● **Task details**
Could you transcribe exactly the lines from the one containing "this 960×598 image." through the end of the listing below, both included, but none of the pictures?

Segment Open

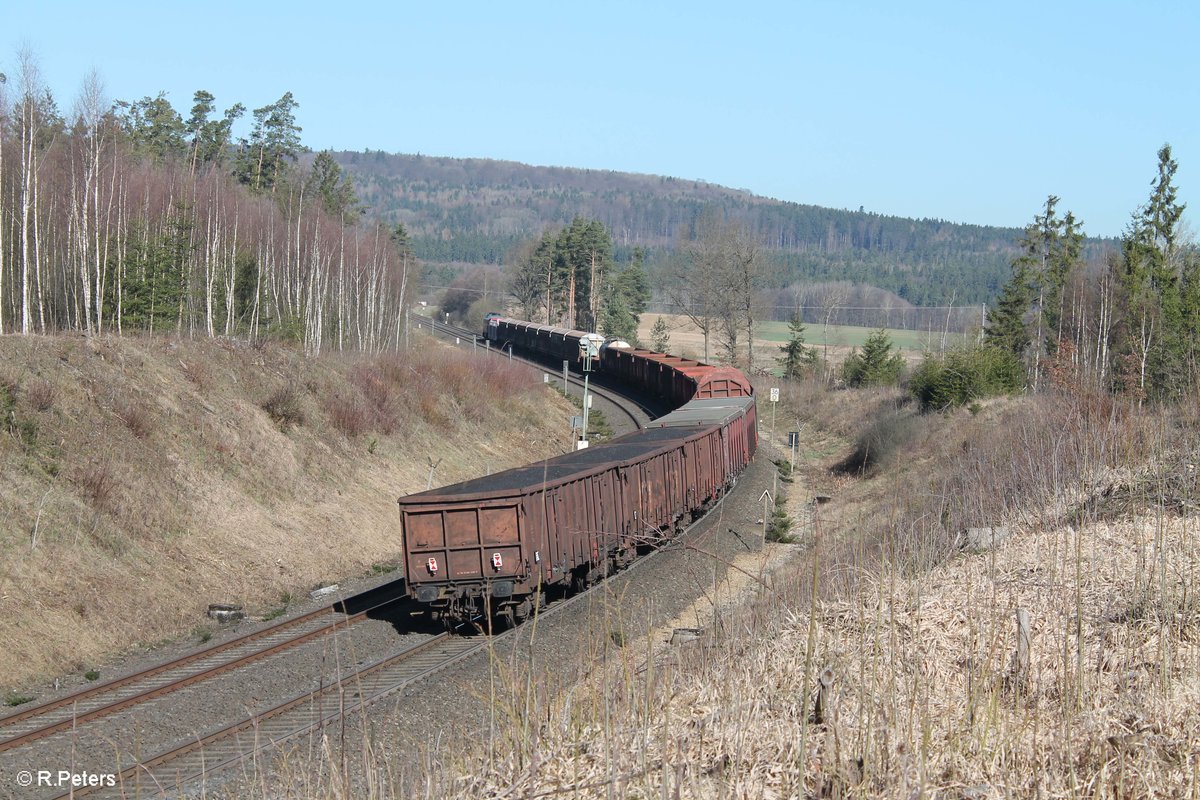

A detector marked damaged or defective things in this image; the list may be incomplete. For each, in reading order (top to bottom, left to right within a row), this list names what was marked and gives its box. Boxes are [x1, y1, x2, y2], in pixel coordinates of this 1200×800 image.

rusty freight wagon [404, 394, 760, 624]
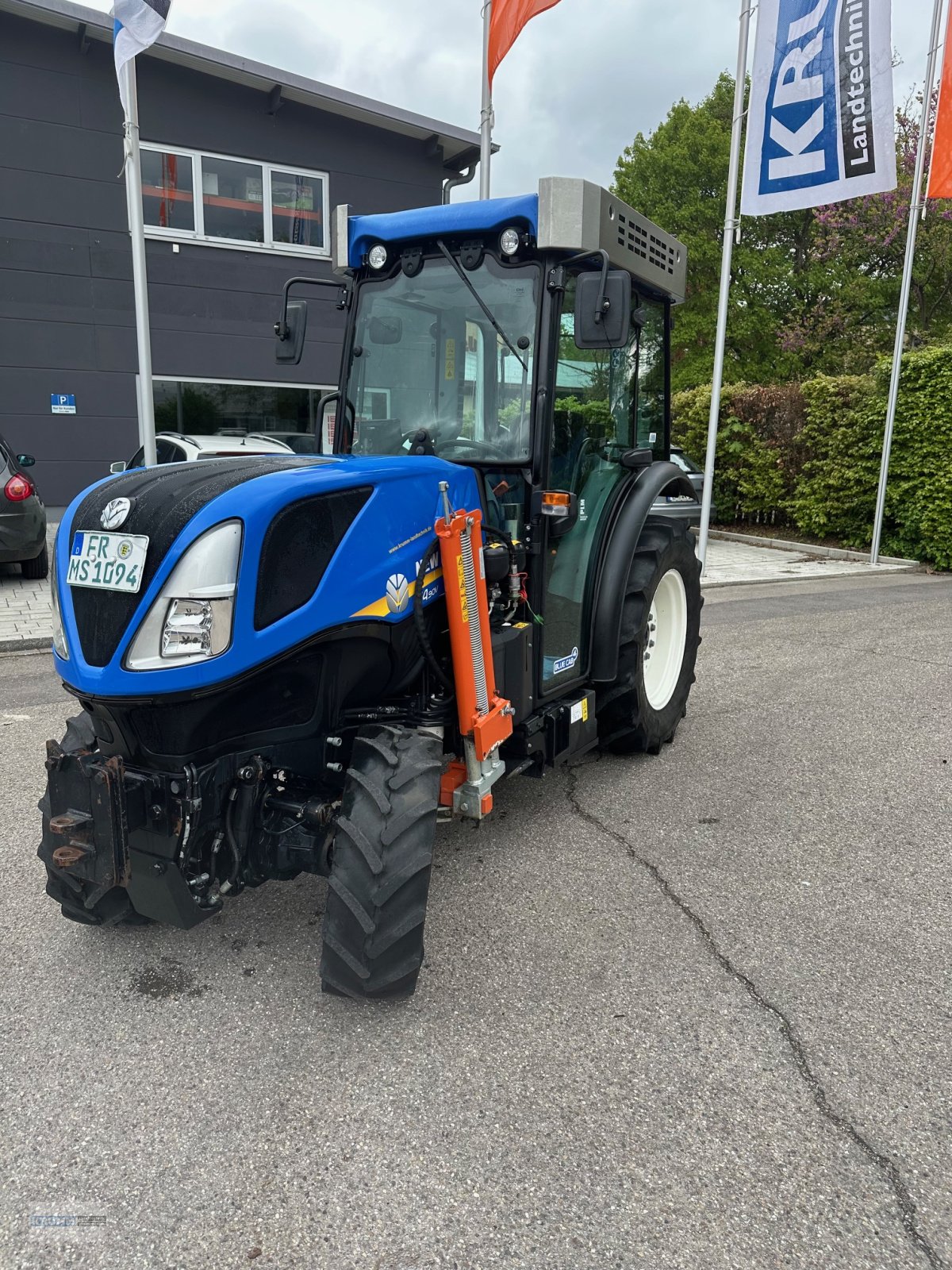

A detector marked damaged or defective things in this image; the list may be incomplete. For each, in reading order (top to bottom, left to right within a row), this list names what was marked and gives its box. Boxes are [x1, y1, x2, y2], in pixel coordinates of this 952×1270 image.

crack in asphalt [566, 762, 949, 1270]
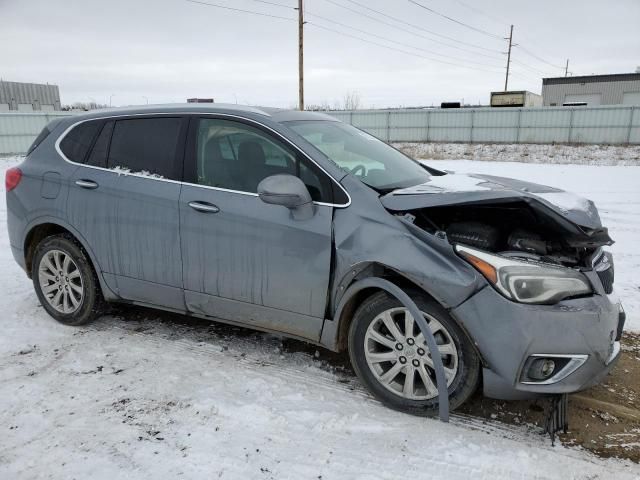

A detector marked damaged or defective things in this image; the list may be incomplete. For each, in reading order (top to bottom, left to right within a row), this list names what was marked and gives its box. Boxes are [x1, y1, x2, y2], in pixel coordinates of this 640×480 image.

crumpled hood [380, 172, 604, 232]
broken headlight assembly [456, 244, 592, 304]
detached bumper piece [544, 394, 568, 446]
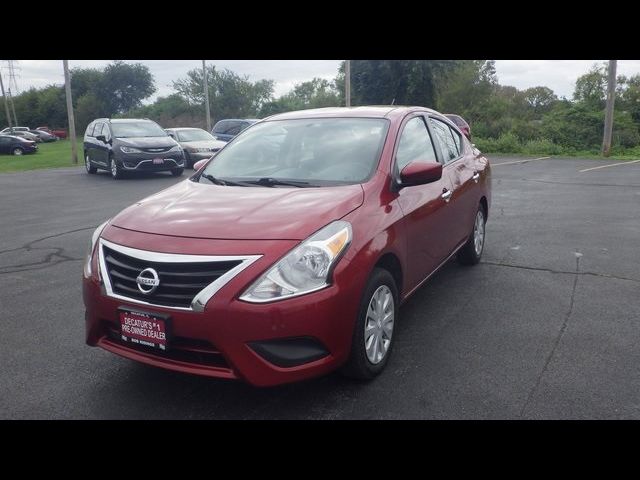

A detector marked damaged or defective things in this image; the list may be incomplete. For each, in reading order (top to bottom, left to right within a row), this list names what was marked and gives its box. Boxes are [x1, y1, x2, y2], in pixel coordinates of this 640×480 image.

pavement crack [516, 255, 584, 416]
pavement crack [482, 260, 636, 284]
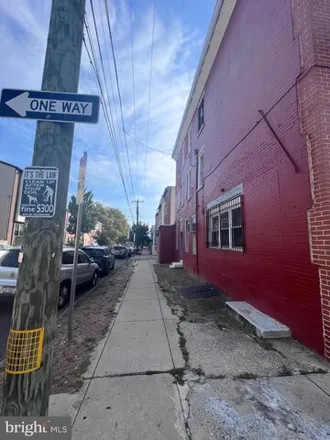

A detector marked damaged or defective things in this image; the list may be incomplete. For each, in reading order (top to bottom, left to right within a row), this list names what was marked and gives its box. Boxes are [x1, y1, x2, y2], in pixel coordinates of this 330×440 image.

cracked concrete sidewalk [49, 262, 330, 440]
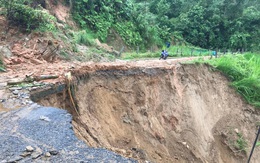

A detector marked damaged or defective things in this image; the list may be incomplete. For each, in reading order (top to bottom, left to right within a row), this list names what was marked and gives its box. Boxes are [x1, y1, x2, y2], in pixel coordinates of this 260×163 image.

damaged asphalt road [0, 104, 136, 162]
landslide damage [37, 62, 260, 163]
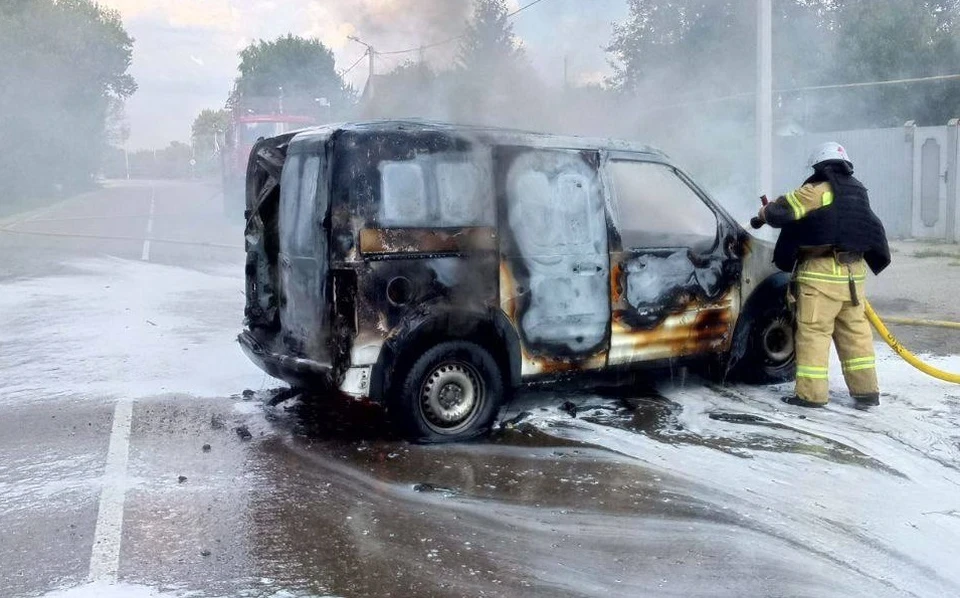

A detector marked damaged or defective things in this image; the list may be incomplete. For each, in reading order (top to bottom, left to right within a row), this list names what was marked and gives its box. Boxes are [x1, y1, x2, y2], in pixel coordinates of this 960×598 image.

burned van [236, 119, 792, 442]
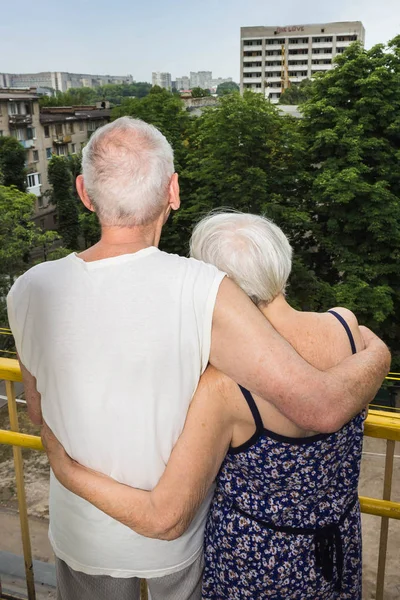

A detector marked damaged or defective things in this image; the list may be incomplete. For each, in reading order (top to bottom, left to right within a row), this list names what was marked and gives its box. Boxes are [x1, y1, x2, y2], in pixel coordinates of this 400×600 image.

Segment Closed

● **Answer section**
A detector marked damaged or defective things in this image; the list may be incomplete. For each, in reading order (top to bottom, left to right within a row), this list names what was marked and gives its box. Boxes are [x1, y1, x2, y2], in pixel coordinates of this 960×598 image.

burned van [236, 119, 792, 442]

A detector marked damaged or defective things in this image; the list may be incomplete. For each, in reading order (top to bottom, left to right within a row), this list names what was marked and gives its box. Boxes are [x1, y1, x2, y2], in pixel coordinates of this 400×600 image.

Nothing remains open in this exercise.